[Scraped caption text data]
::::
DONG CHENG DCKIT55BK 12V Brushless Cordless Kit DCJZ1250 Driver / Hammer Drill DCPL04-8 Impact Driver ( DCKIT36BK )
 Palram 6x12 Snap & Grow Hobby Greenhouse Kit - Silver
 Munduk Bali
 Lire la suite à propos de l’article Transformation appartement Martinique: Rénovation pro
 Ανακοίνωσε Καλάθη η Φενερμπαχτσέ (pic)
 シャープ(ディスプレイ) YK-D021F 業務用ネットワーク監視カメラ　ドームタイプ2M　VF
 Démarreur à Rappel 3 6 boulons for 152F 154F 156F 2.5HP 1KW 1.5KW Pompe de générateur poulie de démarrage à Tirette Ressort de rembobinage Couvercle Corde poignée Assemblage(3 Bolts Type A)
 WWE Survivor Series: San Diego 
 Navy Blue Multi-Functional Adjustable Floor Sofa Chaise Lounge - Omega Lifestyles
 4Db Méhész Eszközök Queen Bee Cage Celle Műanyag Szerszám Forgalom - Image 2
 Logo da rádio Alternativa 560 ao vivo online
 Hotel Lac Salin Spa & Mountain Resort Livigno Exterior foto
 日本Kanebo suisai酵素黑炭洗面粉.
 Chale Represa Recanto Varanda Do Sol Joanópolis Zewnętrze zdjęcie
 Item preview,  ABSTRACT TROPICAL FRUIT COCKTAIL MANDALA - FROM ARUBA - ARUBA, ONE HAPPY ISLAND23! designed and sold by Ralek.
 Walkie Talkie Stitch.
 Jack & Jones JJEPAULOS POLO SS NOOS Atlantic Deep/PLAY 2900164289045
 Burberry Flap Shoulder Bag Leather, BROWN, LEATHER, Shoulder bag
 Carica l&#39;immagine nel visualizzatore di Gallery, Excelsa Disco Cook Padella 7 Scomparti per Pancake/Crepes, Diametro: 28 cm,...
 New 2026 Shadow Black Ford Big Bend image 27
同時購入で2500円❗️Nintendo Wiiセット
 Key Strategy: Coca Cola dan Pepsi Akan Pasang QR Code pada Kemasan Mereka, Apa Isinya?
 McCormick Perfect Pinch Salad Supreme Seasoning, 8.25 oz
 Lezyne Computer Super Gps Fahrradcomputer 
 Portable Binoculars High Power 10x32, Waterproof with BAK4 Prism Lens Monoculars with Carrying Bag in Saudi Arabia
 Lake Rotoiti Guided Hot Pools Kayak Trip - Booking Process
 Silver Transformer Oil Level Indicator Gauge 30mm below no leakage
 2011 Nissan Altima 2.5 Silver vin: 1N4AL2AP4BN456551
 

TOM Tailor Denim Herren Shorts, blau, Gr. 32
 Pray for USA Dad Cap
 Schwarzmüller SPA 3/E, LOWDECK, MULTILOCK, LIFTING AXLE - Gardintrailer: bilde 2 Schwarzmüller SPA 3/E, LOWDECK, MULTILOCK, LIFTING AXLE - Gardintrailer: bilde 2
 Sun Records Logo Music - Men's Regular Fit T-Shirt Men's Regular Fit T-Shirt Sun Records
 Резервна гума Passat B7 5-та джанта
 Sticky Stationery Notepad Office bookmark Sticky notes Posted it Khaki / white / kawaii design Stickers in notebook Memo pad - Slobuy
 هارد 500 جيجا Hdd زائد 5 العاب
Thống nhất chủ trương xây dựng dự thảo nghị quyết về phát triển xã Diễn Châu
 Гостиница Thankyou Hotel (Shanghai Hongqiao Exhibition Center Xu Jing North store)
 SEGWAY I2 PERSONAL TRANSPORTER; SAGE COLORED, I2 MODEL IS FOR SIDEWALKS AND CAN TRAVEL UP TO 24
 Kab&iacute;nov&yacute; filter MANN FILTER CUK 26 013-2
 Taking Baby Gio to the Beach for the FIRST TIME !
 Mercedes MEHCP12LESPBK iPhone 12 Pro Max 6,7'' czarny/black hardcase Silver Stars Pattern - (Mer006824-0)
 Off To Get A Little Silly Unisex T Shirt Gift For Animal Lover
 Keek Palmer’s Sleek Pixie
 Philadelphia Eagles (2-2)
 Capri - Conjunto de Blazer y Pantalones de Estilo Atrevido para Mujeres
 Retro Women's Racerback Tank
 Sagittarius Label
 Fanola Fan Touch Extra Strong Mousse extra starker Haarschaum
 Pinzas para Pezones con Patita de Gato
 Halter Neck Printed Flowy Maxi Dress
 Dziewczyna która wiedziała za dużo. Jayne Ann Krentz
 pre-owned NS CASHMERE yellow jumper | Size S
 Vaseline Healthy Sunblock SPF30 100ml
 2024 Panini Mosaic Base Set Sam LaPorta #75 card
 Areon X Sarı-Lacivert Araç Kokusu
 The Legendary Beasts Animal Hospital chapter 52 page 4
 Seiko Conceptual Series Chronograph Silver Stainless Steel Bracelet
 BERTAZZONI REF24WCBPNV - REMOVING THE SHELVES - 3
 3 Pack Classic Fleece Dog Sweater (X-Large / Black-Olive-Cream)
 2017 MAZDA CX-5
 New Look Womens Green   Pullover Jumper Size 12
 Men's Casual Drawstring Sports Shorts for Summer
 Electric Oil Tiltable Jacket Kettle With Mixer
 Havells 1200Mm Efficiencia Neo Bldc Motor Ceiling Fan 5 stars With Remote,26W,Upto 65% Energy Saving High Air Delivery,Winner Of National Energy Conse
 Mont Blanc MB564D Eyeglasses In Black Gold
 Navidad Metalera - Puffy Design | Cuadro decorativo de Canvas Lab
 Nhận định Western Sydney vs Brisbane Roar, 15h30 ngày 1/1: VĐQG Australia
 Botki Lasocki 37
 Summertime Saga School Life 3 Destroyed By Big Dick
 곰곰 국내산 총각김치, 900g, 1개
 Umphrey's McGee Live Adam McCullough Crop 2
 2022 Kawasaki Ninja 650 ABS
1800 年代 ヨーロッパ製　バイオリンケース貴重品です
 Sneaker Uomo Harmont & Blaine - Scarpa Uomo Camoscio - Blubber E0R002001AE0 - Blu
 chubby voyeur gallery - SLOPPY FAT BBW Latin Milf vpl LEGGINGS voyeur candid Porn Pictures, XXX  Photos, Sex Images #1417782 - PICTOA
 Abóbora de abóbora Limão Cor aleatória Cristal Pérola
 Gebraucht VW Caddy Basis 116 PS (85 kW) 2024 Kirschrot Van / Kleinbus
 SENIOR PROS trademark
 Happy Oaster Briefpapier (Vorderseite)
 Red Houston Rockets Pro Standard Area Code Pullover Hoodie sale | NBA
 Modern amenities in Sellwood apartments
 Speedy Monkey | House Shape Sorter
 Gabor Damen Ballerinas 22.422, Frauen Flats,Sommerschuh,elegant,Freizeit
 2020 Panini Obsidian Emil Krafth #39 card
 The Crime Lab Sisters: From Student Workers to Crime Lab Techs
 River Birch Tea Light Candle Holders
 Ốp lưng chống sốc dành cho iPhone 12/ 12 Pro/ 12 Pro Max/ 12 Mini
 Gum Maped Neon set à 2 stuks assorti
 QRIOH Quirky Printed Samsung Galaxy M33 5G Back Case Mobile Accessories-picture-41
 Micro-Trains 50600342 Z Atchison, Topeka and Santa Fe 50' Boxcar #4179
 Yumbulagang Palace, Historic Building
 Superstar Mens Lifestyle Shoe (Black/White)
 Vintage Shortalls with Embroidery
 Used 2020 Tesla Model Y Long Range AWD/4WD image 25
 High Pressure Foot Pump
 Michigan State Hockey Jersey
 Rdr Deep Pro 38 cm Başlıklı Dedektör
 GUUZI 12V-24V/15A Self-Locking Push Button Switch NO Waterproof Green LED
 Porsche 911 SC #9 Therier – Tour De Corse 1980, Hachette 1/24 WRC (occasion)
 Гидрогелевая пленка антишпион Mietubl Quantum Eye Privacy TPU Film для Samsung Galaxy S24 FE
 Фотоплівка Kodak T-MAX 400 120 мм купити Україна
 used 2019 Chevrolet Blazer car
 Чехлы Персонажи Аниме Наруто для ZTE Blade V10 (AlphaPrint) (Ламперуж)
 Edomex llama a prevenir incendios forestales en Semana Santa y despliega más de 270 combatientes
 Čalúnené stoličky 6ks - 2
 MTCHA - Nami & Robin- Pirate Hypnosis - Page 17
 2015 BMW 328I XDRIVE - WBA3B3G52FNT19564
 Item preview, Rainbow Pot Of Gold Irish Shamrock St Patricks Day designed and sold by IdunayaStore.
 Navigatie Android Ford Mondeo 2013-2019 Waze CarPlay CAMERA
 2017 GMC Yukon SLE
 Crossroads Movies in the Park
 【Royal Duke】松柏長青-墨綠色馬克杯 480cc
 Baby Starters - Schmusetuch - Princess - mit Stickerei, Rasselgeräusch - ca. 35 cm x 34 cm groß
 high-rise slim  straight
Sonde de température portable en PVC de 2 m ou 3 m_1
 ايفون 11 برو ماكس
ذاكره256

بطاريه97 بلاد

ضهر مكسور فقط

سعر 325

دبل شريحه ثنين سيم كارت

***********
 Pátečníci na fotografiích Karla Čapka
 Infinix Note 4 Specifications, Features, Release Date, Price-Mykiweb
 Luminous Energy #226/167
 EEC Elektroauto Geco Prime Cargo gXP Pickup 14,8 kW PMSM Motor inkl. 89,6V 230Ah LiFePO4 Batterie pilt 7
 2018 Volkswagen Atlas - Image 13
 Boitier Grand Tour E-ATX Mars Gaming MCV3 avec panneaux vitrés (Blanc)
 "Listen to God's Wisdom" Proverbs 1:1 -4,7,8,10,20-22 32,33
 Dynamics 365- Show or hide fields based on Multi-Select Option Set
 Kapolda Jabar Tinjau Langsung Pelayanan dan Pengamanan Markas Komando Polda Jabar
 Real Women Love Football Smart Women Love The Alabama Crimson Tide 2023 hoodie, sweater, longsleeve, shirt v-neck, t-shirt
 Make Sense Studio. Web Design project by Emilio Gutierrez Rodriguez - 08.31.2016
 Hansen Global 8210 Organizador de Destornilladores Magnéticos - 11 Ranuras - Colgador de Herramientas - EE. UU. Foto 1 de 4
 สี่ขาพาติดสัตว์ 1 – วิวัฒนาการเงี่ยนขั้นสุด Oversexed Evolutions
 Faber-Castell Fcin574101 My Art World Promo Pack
::::
▸ **What to do**: All lines in the data above from the one with "Navidad Metalera - Puffy" through the one with "Red Houston Rockets" must be repeated exactly, and no others.

▸ **Exercise solution**:
 Navidad Metalera - Puffy Design | Cuadro decorativo de Canvas Lab
 Nhận định Western Sydney vs Brisbane Roar, 15h30 ngày 1/1: VĐQG Australia
 Botki Lasocki 37
 Summertime Saga School Life 3 Destroyed By Big Dick
 곰곰 국내산 총각김치, 900g, 1개
 Umphrey's McGee Live Adam McCullough Crop 2
 2022 Kawasaki Ninja 650 ABS
1800 年代 ヨーロッパ製　バイオリンケース貴重品です
 Sneaker Uomo Harmont & Blaine - Scarpa Uomo Camoscio - Blubber E0R002001AE0 - Blu
 chubby voyeur gallery - SLOPPY FAT BBW Latin Milf vpl LEGGINGS voyeur candid Porn Pictures, XXX  Photos, Sex Images #1417782 - PICTOA
 Abóbora de abóbora Limão Cor aleatória Cristal Pérola
 Gebraucht VW Caddy Basis 116 PS (85 kW) 2024 Kirschrot Van / Kleinbus
 SENIOR PROS trademark
 Happy Oaster Briefpapier (Vorderseite)
 Red Houston Rockets Pro Standard Area Code Pullover Hoodie sale | NBA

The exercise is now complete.